Verso Airolo Pedaliamo con in testa vergognose guaine e vergognosi foderi per molti chilometri tra le campagne piatte e noiose che ci portano verso Biasca. Dopo Biasca la strada comincia ad arrampicarsi seriamente ed è quasi mezzogiorno. Il viadotto dell’autostrada altissimo sopra le nostre teste è la sola ombra che si proietta sulla strada a tornanti, benediciamo l’orrenda costruzione e ci fermiamo a bere le ultime gocce della nostra borraccia. Sandro è il gestore dell’unico bar nell’unica piazza di Faido e propone un unico tipo di panino, prendere o lasciare. Prendere. Nel bar di Sandro la birra costa meno dell’acqua gassata. Regola numero uno in Svizzera: calmierare i prezzi dei beni di prima necessità.
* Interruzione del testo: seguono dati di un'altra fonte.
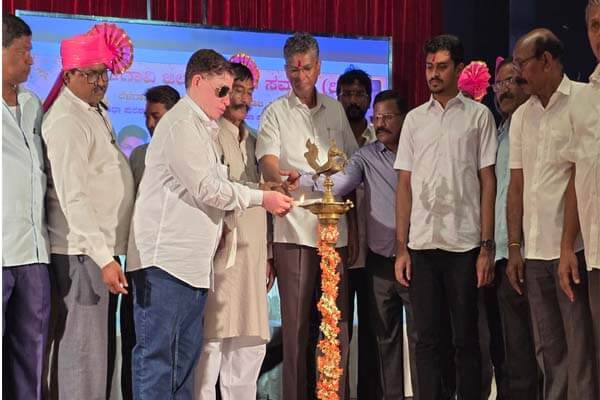 ಶಿಕ್ಷಣ, ಜಾಗೃತಿಯಿಂದಲೇ ಸಮುದಾಯಗಳ ಏಳಿಗೆ ಸಾಧ್ಯ: ಸಚಿವ ಸತೀಶ್ ಜಾರಕಿಹೊಳಿ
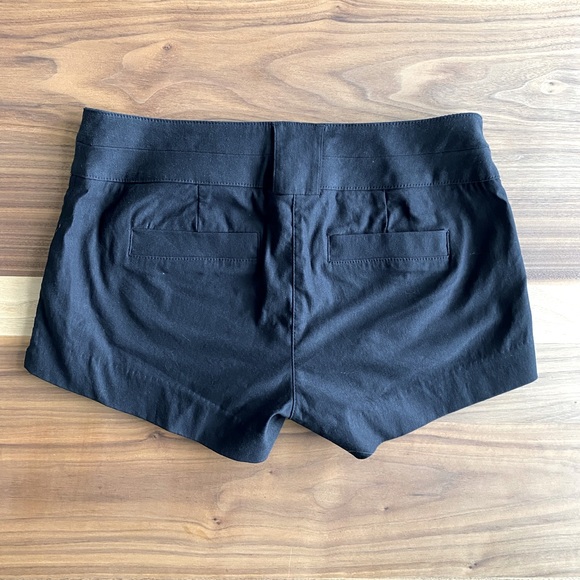 Dynamite Black Dress Shorts NWOT - Picture 4 of 7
Comunque l’acqua costa 4 franchi, tanto per cominciare a farsi un’idea dei prezzi in Svizzera. Partiamo con la promessa di mandare a Sandro una cartolina da Londra e con la sua risata in risposta alla nostra domanda sulle salite fino ad Airolo. Mentre mi maledico col fiato corto e penso alla pazzia dell’uomo che decide di prendere una bicicletta e opporsi insensatamente alla forza di gravità, mentre immagino il mio corpo abbandonato alla gravità di una sedia a sdraio su una qualsiasi spiaggia, si profila davanti a noi un tandem. Un uomo e una donna che alla velocità di uno all’ora vorticano i pedali rimanendo praticamente immobili. All’improvviso la nostra follia diventa quasi normalità. Ci sono persone che fanno cose al limite della mia capacità di comprensione. Questi davvero domani vogliono fare il San Gottardo?

San Gottardo La notte prima della grande prova fatichiamo a dormire. Tutti ci hanno messo in guardia: “è durissima, fate il San Bernardino, fate il San Bernardo, siete sicure?”. Ci svegliamo con un misto di eccitazione e paura e partiamo con un cielo che non promette niente di buono. E poi è pioggia, vento freddo e bellezza assoluta. La fatica la sentiremo domani quando ci sveglieremo con le gambe di legno, ma oggi è tutto uno stupore. Non avevo mai visto una strada così bella, non ci ero mai salita in sella a una bici. Ci fermiamo più volte per fare delle foto e per guardare la serpentina strettissima della strada che si inerpica sui sassi antichi. È una conquista arrivare in cima, senza fiato, con la pioggia che riprende a scendere dopo aver aperto degli squarci di sereno durante la nostra salita. Sul passo però fa veramente un freddo da morire e mentre mi immaginavo grandi festeggiamenti, foto e felicità, la realtà è che cerchiamo solo un riparo dal vento gelido. Invidio i turisti in auto che appena comincia a piovere si chiudono nell’abitacolo col riscaldamento a palla, non i tedeschi e gli svizzeri ovviamente che se ne vanno in giro in infradito e pantaloncini con 5 gradi e l’acqua che arriva obliqua, e mi dico che io se fossi una donna preistorica esposta a ogni genere di intemperie sarei già morta da un pezzo.